Poco a poco llegamos a un punto donde el orden, afortunadamente, vuelve a predominar. Aquí, yo con las axilas sudadas de la tensión, comentamos como podía ser que, en una ciudad como Vancouver, en pleno centro, pudiese existir esta realidad. Es como si la calle Colón de Valencia mitad fuese tal y como la conocemos y la otra mitad el caos. Quizá el hecho de que todas estas personas se agrupen en esa zona permite tener un mayor control por parte de las fuerzas de seguridad. No lo sé.
Tras la experiencia, no demasiado agradable tengo que decir, seguimos dirección a Waterfront. La cojera de mi padre, aunque él la intentaba disimular, se hace cada vez más evidente. Sus problemas de rodilla comienzan a surgir tras el paseo de 15 kilómetros y todos los que llevábamos acumulados los días anteriores.
Sin ideas ni siguientes planes, alcé la vista. Casualidad o no, estábamos justo debajo del Top of Vancouver Restaurant, un restaurante que descansaba en lo alto de una gran torre con forma circular y que giraba sobre sí mismo para disfrutar de unas vistas 360 de toda la ciudad.

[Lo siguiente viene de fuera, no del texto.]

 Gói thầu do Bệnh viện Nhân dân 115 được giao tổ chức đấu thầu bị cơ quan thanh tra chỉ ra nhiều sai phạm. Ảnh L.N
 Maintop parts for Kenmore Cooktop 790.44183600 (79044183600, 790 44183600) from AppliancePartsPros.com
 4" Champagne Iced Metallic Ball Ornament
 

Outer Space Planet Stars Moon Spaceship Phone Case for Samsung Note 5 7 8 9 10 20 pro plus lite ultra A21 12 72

“¡Vente! Te voy a llevar a un sitio que te va a molar”, le digo. Aprovechamos la hora de la merienda para subir hasta el restaurante y pedir un chocolate caliente mientras observamos toda la ciudad.
Hablamos de lo vivido, de lo que nos queda por vivir y repasamos desde las alturas todos aquellos lugares que hemos visitado. Yo, por mi parte, pensaba en la importancia del recuerdo. Contarnos las anécdotas pasadas era vivirlas dos veces. Escuchar las historias que yo ya había olvidado era seguir aprendiendo. Descubrir la cultura de otro país era descubrirte a ti mismo.

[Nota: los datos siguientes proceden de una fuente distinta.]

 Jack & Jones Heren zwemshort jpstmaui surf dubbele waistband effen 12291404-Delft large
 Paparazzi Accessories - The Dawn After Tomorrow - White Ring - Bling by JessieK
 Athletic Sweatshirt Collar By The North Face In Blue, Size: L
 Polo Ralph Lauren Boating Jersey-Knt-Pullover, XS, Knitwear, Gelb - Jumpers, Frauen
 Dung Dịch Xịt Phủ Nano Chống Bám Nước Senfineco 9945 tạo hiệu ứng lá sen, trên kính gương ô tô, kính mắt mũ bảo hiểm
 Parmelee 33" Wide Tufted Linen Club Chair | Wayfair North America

Nos llegamos a sentir, todavía más habiendo visto una realidad bastante dura instantes antes, dos personas muy privilegiadas. Hablamos del dinero y de su importancia. De gastarlo, o como me decía él, usarlo. De vivirlo.
Comienza a caer la noche y en el restaurante empiezan a preparar las mesas para la cena. Un menú de nochebuena que costaba, como diríamos en el pueblo, “un ojo de la cara”. Mi padre, que tiene muy interiorizado eso de que el dinero está para vivirlo, decide preguntar por la disponibilidad de una mesa para celebrar juntos la nochebuena con Vancouver a nuestros pies.
Yo, que soy algo más reservado -también en temas de dinero-, me niego rotundamente. Estaba bien gastarlo para ocasiones especiales, pero no quería que un viaje de algo más de una semana supusiese tener que vivir el siguiente mes alimentándose de arroz y pasta.
Nos vamos. Mi padre algo mosqueado porque, según él, yo tenía el “puño demasiado prieto”. Yo también, porque no valoraba que me preocupase por su futuro más cercano el siguiente mes al volver a España.